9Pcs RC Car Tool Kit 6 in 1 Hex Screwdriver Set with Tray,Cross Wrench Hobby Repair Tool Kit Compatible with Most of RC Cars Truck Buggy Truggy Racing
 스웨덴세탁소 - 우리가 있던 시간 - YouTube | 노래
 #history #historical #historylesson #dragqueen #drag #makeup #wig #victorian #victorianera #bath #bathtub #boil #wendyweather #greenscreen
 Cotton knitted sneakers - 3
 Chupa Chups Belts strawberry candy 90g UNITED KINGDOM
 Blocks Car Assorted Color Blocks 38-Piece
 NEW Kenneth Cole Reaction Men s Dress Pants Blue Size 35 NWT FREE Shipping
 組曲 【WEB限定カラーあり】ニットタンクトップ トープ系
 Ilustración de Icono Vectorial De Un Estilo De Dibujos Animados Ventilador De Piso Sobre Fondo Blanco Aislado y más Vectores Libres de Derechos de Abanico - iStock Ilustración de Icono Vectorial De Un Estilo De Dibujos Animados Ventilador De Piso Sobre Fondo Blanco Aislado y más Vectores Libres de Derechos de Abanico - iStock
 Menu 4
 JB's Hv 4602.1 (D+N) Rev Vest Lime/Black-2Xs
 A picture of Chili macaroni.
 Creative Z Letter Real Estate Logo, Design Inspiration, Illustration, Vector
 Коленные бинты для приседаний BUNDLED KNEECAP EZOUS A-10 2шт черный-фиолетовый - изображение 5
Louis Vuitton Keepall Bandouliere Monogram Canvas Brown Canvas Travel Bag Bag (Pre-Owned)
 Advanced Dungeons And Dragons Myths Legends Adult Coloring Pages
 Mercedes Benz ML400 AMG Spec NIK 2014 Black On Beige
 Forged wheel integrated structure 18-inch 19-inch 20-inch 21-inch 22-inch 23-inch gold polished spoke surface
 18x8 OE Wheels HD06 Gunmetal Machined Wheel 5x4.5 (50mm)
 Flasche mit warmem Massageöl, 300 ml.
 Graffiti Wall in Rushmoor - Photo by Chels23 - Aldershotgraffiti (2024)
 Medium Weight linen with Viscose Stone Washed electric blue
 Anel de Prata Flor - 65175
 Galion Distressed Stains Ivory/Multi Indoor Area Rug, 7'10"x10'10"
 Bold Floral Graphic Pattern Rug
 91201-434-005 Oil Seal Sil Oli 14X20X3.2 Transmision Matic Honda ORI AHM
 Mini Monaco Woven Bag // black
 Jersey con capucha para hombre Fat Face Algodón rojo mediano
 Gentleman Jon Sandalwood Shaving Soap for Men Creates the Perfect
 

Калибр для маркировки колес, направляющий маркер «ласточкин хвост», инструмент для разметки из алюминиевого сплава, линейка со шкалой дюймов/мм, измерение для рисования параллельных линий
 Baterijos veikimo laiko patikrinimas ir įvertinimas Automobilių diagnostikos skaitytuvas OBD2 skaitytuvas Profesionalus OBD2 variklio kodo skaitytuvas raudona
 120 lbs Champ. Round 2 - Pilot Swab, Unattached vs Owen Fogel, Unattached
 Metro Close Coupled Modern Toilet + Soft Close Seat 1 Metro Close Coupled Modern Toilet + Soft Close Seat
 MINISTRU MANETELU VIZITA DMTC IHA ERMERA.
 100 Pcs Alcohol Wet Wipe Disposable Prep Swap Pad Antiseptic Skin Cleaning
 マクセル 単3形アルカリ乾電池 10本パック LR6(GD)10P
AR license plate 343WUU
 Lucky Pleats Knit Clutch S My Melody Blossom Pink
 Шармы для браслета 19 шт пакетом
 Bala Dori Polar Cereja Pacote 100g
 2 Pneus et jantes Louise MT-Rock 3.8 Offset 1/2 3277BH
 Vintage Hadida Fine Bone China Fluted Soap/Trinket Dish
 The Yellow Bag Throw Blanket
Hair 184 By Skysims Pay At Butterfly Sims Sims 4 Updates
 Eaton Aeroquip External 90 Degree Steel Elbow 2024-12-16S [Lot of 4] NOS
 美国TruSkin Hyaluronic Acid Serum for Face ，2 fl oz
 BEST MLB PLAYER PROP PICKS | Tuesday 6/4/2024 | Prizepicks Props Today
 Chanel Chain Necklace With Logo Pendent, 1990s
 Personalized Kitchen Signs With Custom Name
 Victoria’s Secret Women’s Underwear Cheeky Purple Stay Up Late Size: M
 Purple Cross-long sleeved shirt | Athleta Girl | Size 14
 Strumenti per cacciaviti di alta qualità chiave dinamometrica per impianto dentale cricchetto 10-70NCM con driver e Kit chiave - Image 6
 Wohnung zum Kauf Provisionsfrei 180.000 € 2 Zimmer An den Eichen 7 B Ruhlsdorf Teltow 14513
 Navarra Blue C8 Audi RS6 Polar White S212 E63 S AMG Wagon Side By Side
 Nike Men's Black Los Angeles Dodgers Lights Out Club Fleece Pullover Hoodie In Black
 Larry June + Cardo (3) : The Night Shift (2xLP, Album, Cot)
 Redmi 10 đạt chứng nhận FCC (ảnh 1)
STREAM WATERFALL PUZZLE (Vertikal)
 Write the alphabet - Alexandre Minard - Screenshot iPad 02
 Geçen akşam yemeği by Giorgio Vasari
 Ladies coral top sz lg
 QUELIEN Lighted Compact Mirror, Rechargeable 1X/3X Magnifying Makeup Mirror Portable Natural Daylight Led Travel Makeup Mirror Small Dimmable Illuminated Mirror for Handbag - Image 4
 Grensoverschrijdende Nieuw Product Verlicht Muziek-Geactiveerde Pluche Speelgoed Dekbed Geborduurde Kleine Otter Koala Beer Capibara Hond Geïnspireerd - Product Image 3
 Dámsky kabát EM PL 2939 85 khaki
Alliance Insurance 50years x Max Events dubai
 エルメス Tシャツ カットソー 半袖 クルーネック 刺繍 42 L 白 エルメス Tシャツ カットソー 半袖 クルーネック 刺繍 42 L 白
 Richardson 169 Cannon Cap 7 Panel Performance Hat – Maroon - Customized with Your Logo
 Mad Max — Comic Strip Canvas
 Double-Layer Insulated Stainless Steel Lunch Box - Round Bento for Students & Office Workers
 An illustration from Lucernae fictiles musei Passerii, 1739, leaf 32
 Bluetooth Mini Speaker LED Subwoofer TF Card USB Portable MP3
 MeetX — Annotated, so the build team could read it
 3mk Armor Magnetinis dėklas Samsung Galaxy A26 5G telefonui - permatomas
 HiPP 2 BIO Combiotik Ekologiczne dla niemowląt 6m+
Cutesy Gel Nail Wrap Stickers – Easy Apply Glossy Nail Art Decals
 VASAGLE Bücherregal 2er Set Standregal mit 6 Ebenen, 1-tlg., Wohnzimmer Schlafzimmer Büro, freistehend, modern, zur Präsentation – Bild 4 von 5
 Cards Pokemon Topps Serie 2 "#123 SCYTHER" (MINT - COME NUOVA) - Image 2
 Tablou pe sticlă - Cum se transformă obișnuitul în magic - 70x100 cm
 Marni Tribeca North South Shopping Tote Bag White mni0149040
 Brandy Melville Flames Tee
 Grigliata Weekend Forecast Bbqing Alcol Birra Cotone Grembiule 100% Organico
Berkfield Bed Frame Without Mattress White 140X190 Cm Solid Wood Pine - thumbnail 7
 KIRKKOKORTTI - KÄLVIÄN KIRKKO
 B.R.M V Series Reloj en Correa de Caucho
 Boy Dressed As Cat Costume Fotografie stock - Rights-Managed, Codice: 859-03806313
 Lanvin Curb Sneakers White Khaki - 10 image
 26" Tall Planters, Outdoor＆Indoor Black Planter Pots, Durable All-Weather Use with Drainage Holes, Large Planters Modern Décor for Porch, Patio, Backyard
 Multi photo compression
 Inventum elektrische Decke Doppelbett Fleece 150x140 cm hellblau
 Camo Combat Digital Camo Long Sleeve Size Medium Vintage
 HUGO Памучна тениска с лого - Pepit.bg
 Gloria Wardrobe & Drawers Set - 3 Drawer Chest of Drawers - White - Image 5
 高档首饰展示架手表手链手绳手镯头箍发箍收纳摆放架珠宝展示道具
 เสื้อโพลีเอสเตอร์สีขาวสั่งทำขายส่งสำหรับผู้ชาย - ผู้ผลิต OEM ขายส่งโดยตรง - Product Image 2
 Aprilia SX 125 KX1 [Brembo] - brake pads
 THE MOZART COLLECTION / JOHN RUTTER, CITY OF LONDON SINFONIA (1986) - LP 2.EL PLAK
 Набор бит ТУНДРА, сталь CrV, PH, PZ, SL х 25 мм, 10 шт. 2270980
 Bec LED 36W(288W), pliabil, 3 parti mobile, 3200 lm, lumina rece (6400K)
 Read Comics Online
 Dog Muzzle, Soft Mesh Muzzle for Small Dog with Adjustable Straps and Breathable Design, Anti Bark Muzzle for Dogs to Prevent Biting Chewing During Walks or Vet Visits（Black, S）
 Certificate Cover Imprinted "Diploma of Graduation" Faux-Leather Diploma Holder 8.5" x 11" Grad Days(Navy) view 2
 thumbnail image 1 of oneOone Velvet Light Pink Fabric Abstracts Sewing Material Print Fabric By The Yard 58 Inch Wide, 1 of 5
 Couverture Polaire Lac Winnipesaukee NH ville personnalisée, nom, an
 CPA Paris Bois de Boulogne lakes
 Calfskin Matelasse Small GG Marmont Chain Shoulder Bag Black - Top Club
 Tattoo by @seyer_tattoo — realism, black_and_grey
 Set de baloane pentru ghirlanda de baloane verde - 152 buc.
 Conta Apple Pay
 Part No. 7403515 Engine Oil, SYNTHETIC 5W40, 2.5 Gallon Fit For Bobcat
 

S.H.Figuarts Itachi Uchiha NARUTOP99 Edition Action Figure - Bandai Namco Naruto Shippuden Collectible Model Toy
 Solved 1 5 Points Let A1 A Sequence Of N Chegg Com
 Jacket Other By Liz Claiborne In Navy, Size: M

*-*-*

What to work on
Extract from the records above the lines from the one containing "AR license plate 343WUU" to the one containing "Richardson 169 Cannon", both lines included, exactly as they appear and with nothing else.

Task solution
AR license plate 343WUU
 Lucky Pleats Knit Clutch S My Melody Blossom Pink
 Шармы для браслета 19 шт пакетом
 Bala Dori Polar Cereja Pacote 100g
 2 Pneus et jantes Louise MT-Rock 3.8 Offset 1/2 3277BH
 Vintage Hadida Fine Bone China Fluted Soap/Trinket Dish
 The Yellow Bag Throw Blanket
Hair 184 By Skysims Pay At Butterfly Sims Sims 4 Updates
 Eaton Aeroquip External 90 Degree Steel Elbow 2024-12-16S [Lot of 4] NOS
 美国TruSkin Hyaluronic Acid Serum for Face ，2 fl oz
 BEST MLB PLAYER PROP PICKS | Tuesday 6/4/2024 | Prizepicks Props Today
 Chanel Chain Necklace With Logo Pendent, 1990s
 Personalized Kitchen Signs With Custom Name
 Victoria’s Secret Women’s Underwear Cheeky Purple Stay Up Late Size: M
 Purple Cross-long sleeved shirt | Athleta Girl | Size 14
 Strumenti per cacciaviti di alta qualità chiave dinamometrica per impianto dentale cricchetto 10-70NCM con driver e Kit chiave - Image 6
 Wohnung zum Kauf Provisionsfrei 180.000 € 2 Zimmer An den Eichen 7 B Ruhlsdorf Teltow 14513
 Navarra Blue C8 Audi RS6 Polar White S212 E63 S AMG Wagon Side By Side
 Nike Men's Black Los Angeles Dodgers Lights Out Club Fleece Pullover Hoodie In Black
 Larry June + Cardo (3) : The Night Shift (2xLP, Album, Cot)
 Redmi 10 đạt chứng nhận FCC (ảnh 1)
STREAM WATERFALL PUZZLE (Vertikal)
 Write the alphabet - Alexandre Minard - Screenshot iPad 02
 Geçen akşam yemeği by Giorgio Vasari
 Ladies coral top sz lg
 QUELIEN Lighted Compact Mirror, Rechargeable 1X/3X Magnifying Makeup Mirror Portable Natural Daylight Led Travel Makeup Mirror Small Dimmable Illuminated Mirror for Handbag - Image 4
 Grensoverschrijdende Nieuw Product Verlicht Muziek-Geactiveerde Pluche Speelgoed Dekbed Geborduurde Kleine Otter Koala Beer Capibara Hond Geïnspireerd - Product Image 3
 Dámsky kabát EM PL 2939 85 khaki
Alliance Insurance 50years x Max Events dubai
 エルメス Tシャツ カットソー 半袖 クルーネック 刺繍 42 L 白 エルメス Tシャツ カットソー 半袖 クルーネック 刺繍 42 L 白
 Richardson 169 Cannon Cap 7 Panel Performance Hat – Maroon - Customized with Your Logo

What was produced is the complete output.